Work task: Repeat precisely the line in which "2021 Porsche Cayenne" occurs and all lines that follow it in the entries below. Pictures must be omitted.

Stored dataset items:

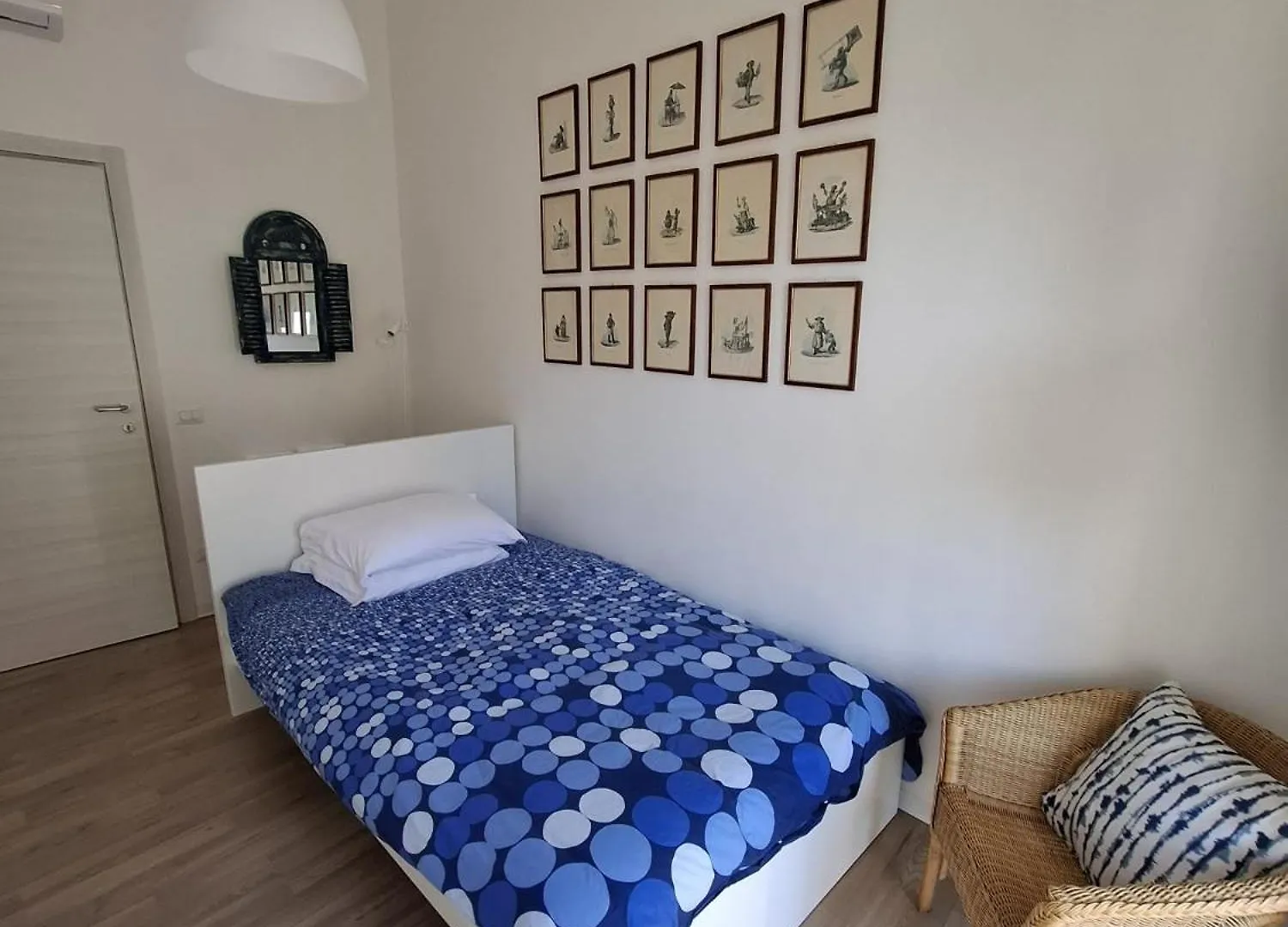 Don Carlo City Center Apt Napoli 0*,  Italia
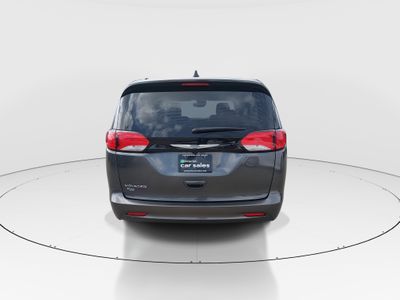 2023 Chrysler Voyager - Photo 6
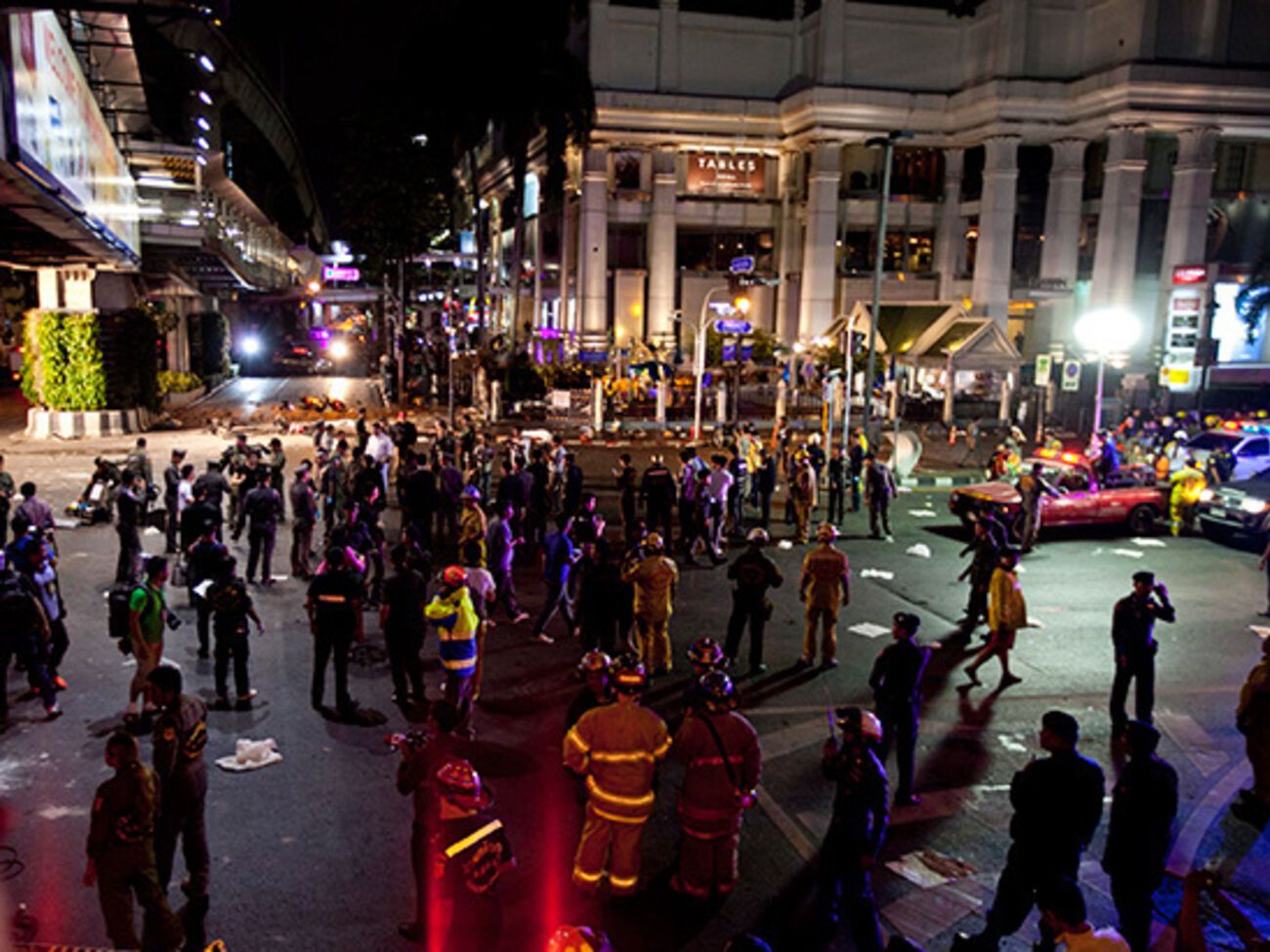 Причиной взрыва стала самодельная бомба, заложенная в храме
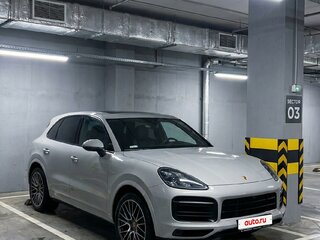 2021 Porsche Cayenne III, серый, 8600000 рублей, вид 2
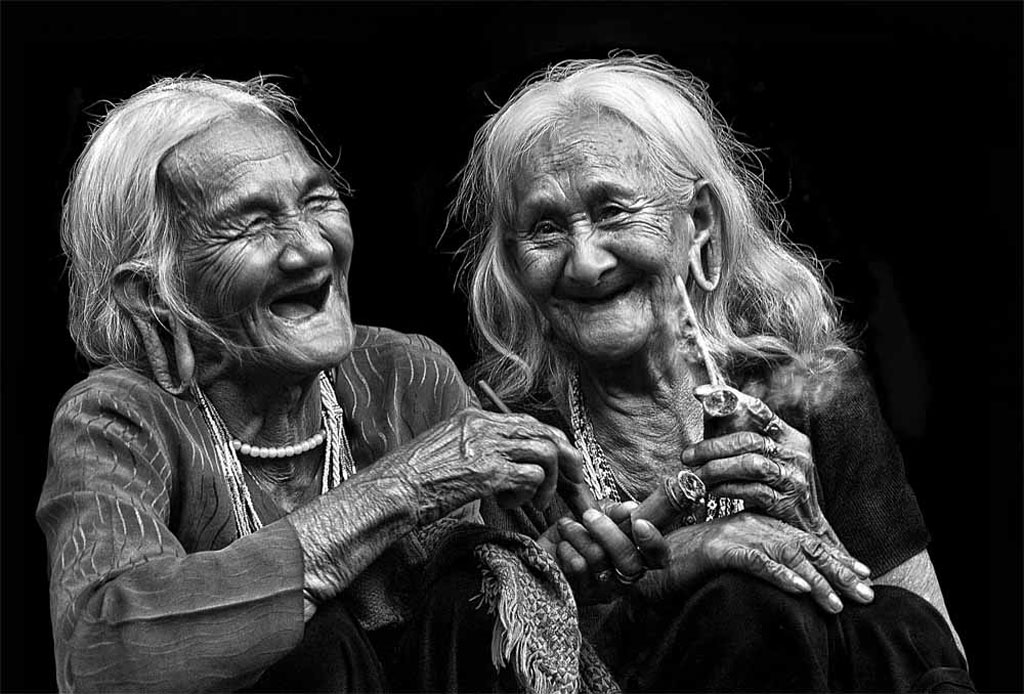Nụ cười tuổi xế già: Không răng vẫn đẹp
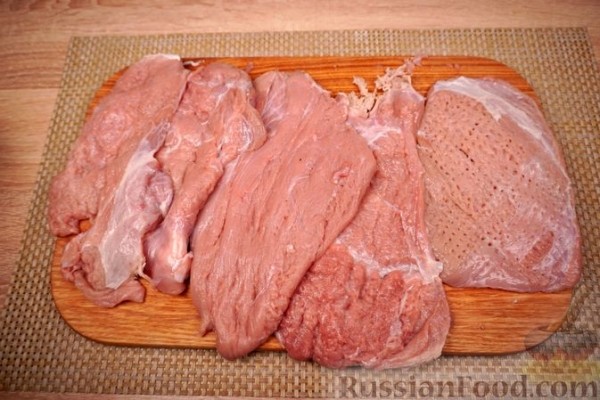 Рулетики из телятины с рисом и грибами, в сметанном соусе
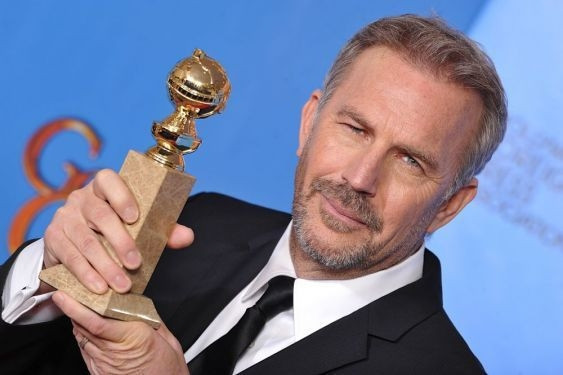Minidizi veya film En İyi Erkek Oyuncu Minidizi veya film En İyi Erkek Oyuncu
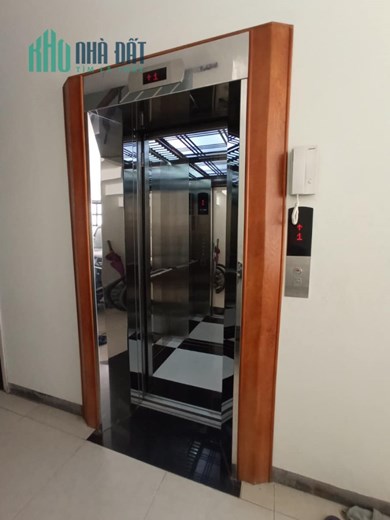 CHÍNH CHỦ CẦN BÁN NHÀ NGỌC THUỴ - THANG MÁY - PHÂN LÔ GIÁO VIÊN DT 70M GIÁ 12.5 TỶ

Final answer:
 2021 Porsche Cayenne III, серый, 8600000 рублей, вид 2
Nụ cười tuổi xế già: Không răng vẫn đẹp
 Рулетики из телятины с рисом и грибами, в сметанном соусе
Minidizi veya film En İyi Erkek Oyuncu Minidizi veya film En İyi Erkek Oyuncu
 CHÍNH CHỦ CẦN BÁN NHÀ NGỌC THUỴ - THANG MÁY - PHÂN LÔ GIÁO VIÊN DT 70M GIÁ 12.5 TỶ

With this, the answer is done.